Under normal conditions, the temperature in May and September reaches 19 to 20 degrees Celsius, while in June, July and August the minimum is 25 degrees and can reach 32 to 35 degrees.
The meltemia [etesian winds], which intensify in July and August, bring relief from the sweltering heat, and thus one only rarely experiences a heat wave. However, the north winds often blow with great force, consequently making the sea dangerous—particularly for amateur yachtspersons. The winds intensify in the morning and afternoon hours, and die down in the evening.
Do not be fooled, however, even though it may be windy; the sun still reigns supreme in the Cyclades, giving life to us and to everything around us—but this is beneficial only when we exercise prudence whenever we are exposed to it and also use sunscreen protection.
At sunset, humidity makes its appearance and it gets chilly, especially near the water. For this reason, it is recommended that visitors pack a light jacket, light sweater or sweatshirt in their suitcase for their evening outings next to the waves.
The specialties of the island are, of course, fish and seafood mezedes, the treasures of the sea. Antiparos is renowned for its octopus. Just as on all Cycladic isles, here too you can sample delicious cuttlefish, squid, small fry and fresh Aegean lobster.
Among the local dairy products, ‘ksinomyzithra’ really stands out. A popular island cheese with a creamy texture, ksinomyzithra goes well with almost any dish, though it is most commonly found in a ‘dako’ [wheat rusk topped with tomato, onion, olive oil, capers, oregano and feta or ksinomyzithra]. It just absolutely goes so well with home-cut French fries!
Although we can enjoy tomatoes all year round thanks to greenhouses, they are naturally in season in summer. Other summertime garden vegetables are cucumbers, green peppers, green beans, courgettes and eggplants. On the islands, owing to the uncontaminated earth and cultivation methods used, the tastiness of the garden vegetables mentioned above has remained unchanged through time and we can pride ourselves in the fact that on the islands ‘a tomato smells like a tomato’.Τhe same goes for fruit.
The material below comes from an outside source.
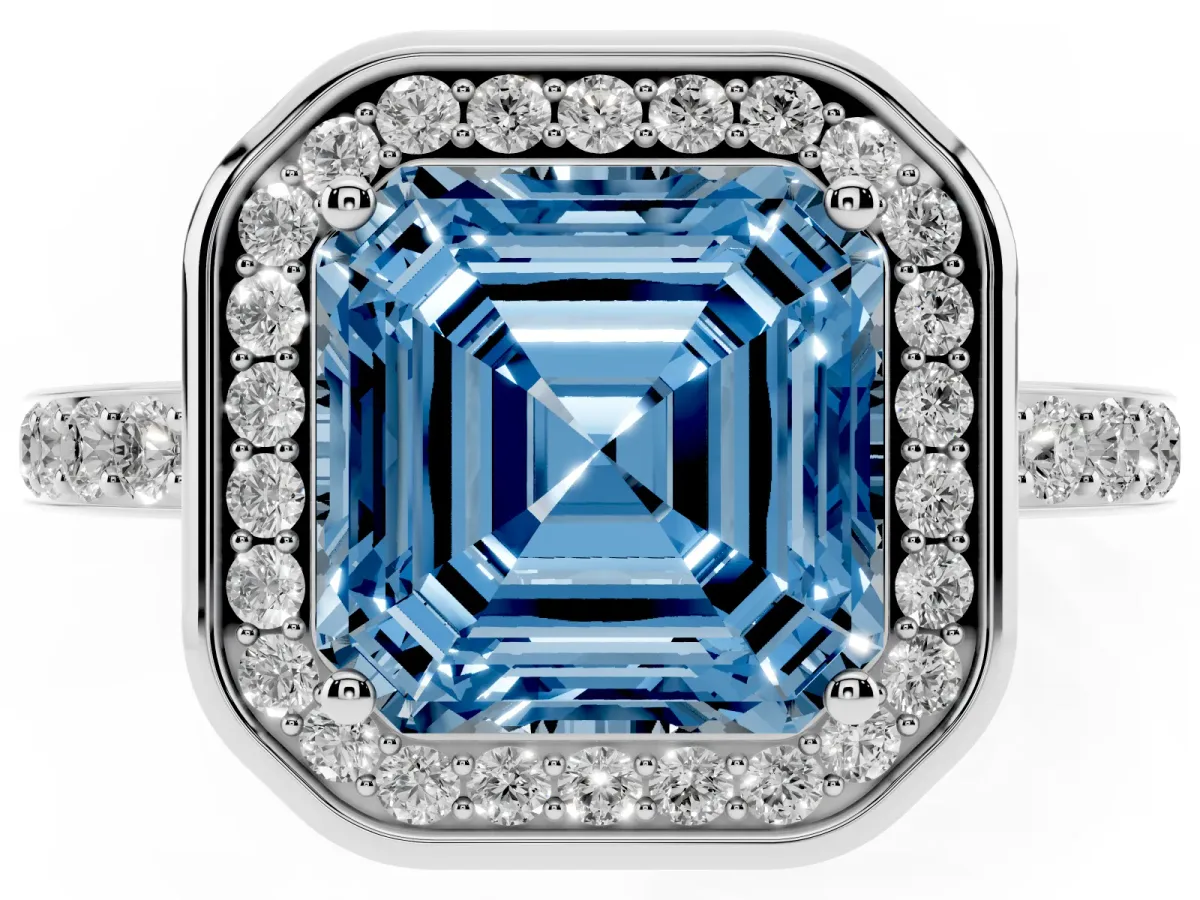 Fancy Blue Asscher Cut Diamond Halo Ring with Bezel Frame and Pavé Band Silver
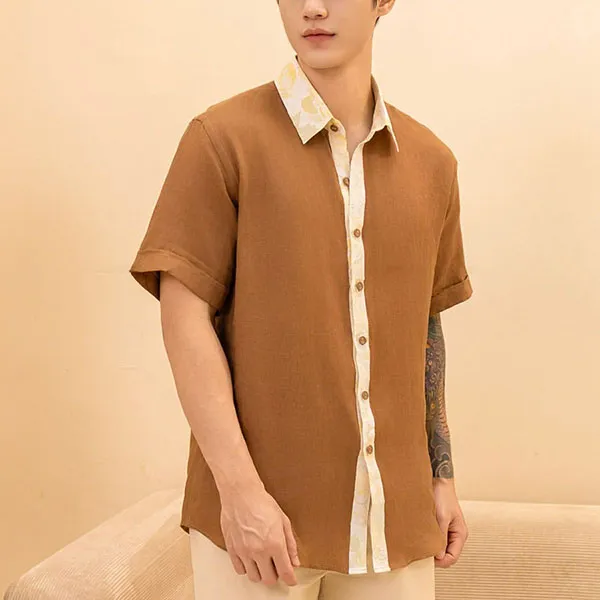 Áo Sơ Mi Nam F2 Fashion & Freedom Linen SMMN035-NAU PHT-S-0924 Màu Nâu Size S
Summertime fruits include watermelons, grapes, melons, figs (in August), prickly pears (end of August), pears and pomegranates.
If you intend to spend the night at a campsite, here is a brief list for beginners:
- Sleeping Bag
- Sleeping Pad (for underneath, to avoid getting a stiff back!)
- Tent (if you have your own; otherwise, you can rent one at the campsite)
- Plastic beach slippers (for the shower)
- Toilet Paper (if you forget it, you can get some at the campsite’s mini-market)
- Toothpaste, shampoo, body wash
- A small lock (to lock the tent—just in case!)
- A flashlight (you’ll be using it a lot!)
- A light jacket, light sweater or sweatshirt (for the chill at night by the water)
- A plastic bag (to put in it the clothes, etc you need for your shower).